# Work to be completed
Copy all of the entries that follow, exactly.
**** Input
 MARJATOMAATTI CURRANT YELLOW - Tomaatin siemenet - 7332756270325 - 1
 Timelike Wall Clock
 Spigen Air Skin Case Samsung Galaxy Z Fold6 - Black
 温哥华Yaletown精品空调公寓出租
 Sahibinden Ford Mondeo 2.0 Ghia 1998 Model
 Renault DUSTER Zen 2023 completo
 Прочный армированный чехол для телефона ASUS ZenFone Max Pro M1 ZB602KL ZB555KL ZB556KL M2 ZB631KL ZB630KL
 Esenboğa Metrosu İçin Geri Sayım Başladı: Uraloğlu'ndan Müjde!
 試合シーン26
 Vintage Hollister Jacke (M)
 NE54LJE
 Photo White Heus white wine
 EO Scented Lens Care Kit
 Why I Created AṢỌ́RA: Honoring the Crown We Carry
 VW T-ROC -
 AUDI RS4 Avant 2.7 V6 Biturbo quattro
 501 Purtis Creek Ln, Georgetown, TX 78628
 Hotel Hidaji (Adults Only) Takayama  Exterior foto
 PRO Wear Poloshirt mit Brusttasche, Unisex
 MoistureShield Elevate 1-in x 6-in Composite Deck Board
********
# Answer below
 MARJATOMAATTI CURRANT YELLOW - Tomaatin siemenet - 7332756270325 - 1
 Timelike Wall Clock
 Spigen Air Skin Case Samsung Galaxy Z Fold6 - Black
 温哥华Yaletown精品空调公寓出租
 Sahibinden Ford Mondeo 2.0 Ghia 1998 Model
 Renault DUSTER Zen 2023 completo
 Прочный армированный чехол для телефона ASUS ZenFone Max Pro M1 ZB602KL ZB555KL ZB556KL M2 ZB631KL ZB630KL
 Esenboğa Metrosu İçin Geri Sayım Başladı: Uraloğlu'ndan Müjde!
 試合シーン26
 Vintage Hollister Jacke (M)
 NE54LJE
 Photo White Heus white wine
 EO Scented Lens Care Kit
 Why I Created AṢỌ́RA: Honoring the Crown We Carry
 VW T-ROC -
 AUDI RS4 Avant 2.7 V6 Biturbo quattro
 501 Purtis Creek Ln, Georgetown, TX 78628
 Hotel Hidaji (Adults Only) Takayama  Exterior foto
 PRO Wear Poloshirt mit Brusttasche, Unisex
 MoistureShield Elevate 1-in x 6-in Composite Deck Board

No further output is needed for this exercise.